DISCOS
Aquaparque
Pintura Moderna
· 15 Mar 2011 · 21:08 ·
Aquaparque
Pintura Moderna
2011
Mbari / Aquaboogie


Sítios oficiais:
- Aquaparque
- Mbari
- Aquaboogie
Aquaparque
Pintura Moderna
2011
Mbari / Aquaboogie


Sítios oficiais:
- Aquaparque
- Mbari
- Aquaboogie
Pop até debaixo d´água.
Na pop destes últimos anos tem-se assistido a uma certa obsessão em reciclar as memórias de tempos idos e (pelo menos tentar) torná-las num objecto novo, único, que reflectisse não só as aventuras musicais semi-esquecidas dessas eras, mas que também fizesse delas um monumento para o futuro, um testemunho de que algo ou alguém ali esteve, viveu aqueles momentos. Não é um fenómeno novo, e podemos argumentar, extremar inclusive, que toda a música pop alguma vez produzida é uma reciclagem de ideias antigas; não é um fenómeno sequer confinado à música, é algo intrínseco à natureza humana, o olhar para trás com nostalgia.

O ponto de partida para a maior parte das recentes deambulações têm sido os anos oitenta, como o atestam a consagração de Ariel Pink enquanto força motriz de toda essa lembrança ou a popularidade entre o meio alternativo/independente do "movimento" chillwave. Por cá, por sermos portugueses e, por conseguinte, sentirmos um especial apreço pela intraduzível saudade, essas memórias têm vindo à tona de uma forma ou de outra, através das mãos de uma geração pós-25 de Abril que teve a oportunidade de crescer em tempos áureos como os da abertura do país às ideias que vinham de fora - também conhecido como a explosão do rock em português - que gerou não só artistas reinterpretando velhas guardas mas também aqueles que se atreveram a ir além de uma simples apropriação. Nomes óbvios, que se citam para criar um ponto de contacto entre estes e o que fazem hoje Pedro Magina e André Abel: Variações, GNR, Ocaso Épico, João Peste, o Sonho Azul de Né Ladeiras. Tudo nomes perfeitamente válidos de se aglutinarem na qualquer musa inspiradora/nostálgica que faça mover o duo portuense; nostalgia que começa no nome e que remete, pela via da tragédia que todos conhecemos, para o fim da inocência que se lhe seguiu.

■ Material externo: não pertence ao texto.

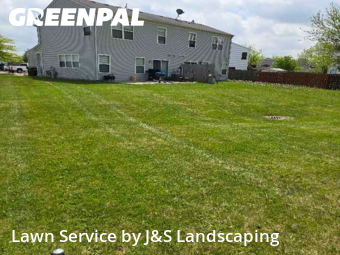 Lawn Mowing nearby Lake In The Hills, IL, 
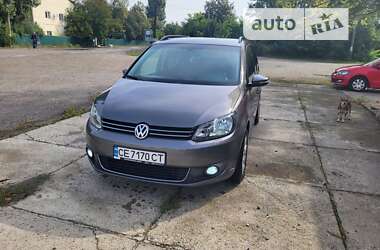 Мінівен Volkswagen Touran 2011 в Чернівцях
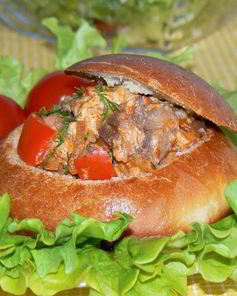 Ужин в хлебной булочке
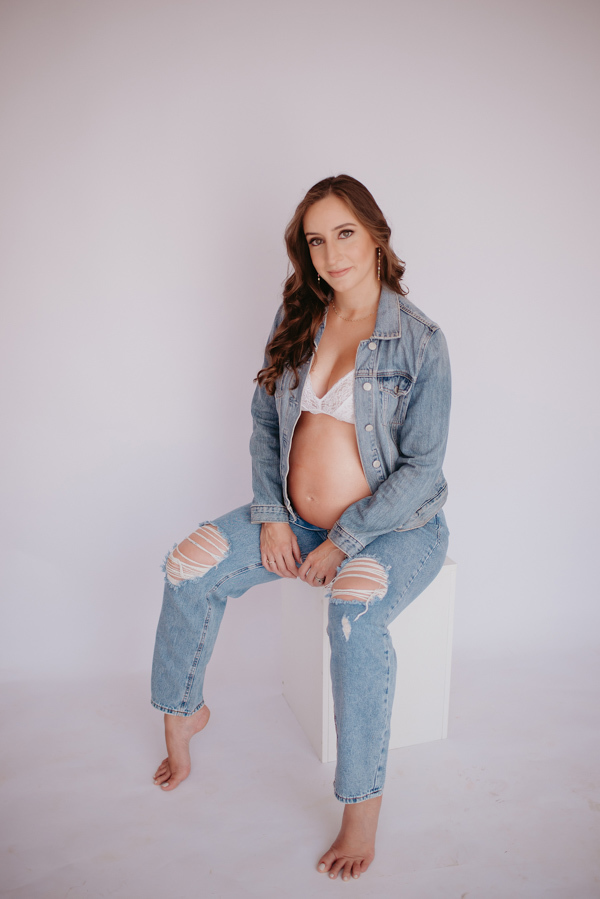 ensaio de gestante; fotos de gravida estudio ; estudio de fotos em campo grande; fotos fran duailibi; fotografa campo grande; fotografo de gestante; ensaio gravida; ensaio criativo gestante; fotos de gravida; gestante com pet; ensaio gravida com cachorro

Inocência essa revisitada não só na sonoridade do duo, como já referido, mas através da mais simples das técnicas utilizadas - a do corte e cola - fazendo de Pintura Moderna, como aliás já tinha feito de É Isso Aí, de 2009, um gigantesco manifesto da genialidade da pop esquecida de outrora, mas mais do boom criativo a que se assiste no presente. Um caldeirão onde melodias e pedaços de canção transitam entre si numa mesma faixa de forma absolutamente irrepreensível, quase que como numa mixtape, como em "Castiço O Teu Nudismo", que passa de um registo mais contemplativo para uma malha de boogie aquático, ou não fosse esse o nome da editora. De facto, quem melhor do que os próprios Aquaparque para descrever o seu estilo?

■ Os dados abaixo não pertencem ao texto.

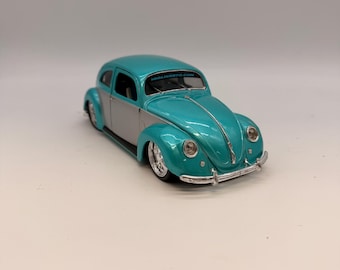 Modellino Maisto Volkswagen Maggiolino 1951 in scala 1:18, modello custom lowrider.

Só que a essência que faz da música do duo algo tão cativante não é apenas a colagem; são as melodias que a acompanham, especialmente as dedilhadas por André Abel nas suas guitarras, que se aliam de forma perfeita à vertente electrónica e conferem à sua música um verdadeiro cariz nacional. Porque música com tal onda mediterrânica, acreditamos, e longe de nacionalismos bacocos e/ou esquizofrénicos, só poderia ter sido feita por cá. Estranhamos então ver os Aquaparque longe das spotlights que se apontam a outras tantas bandas do circuito nacional, com maior ou menor motivo para serem empoladas.

Com temas como a deliciosamente sexy "Para Além Do Bronze", "Sábado à Tarde" ou a maníaca "Tomar Conta De Mim", para além das letras que contém tanto de estranho como de hilário e de genial (a faixa escondida em "Emblema" é disto exemplo) os Aquaparque vão navegando tranquilamente por um rio de criatividade que tanta falta faz à pop. E não só à nossa. Pouco importa (nada mesmo) que a caravela tenha traços de, como já nos dizia James Murphy, borrowed nostalgia for the unremembered eighties; da maneira como o duo se entrega à criação do seu objecto musical, mais não podemos fazer que garantir que não serão esquecidos, não num tempo próximo. Para já, são das melhores coisas que nos podiam ter acontecido.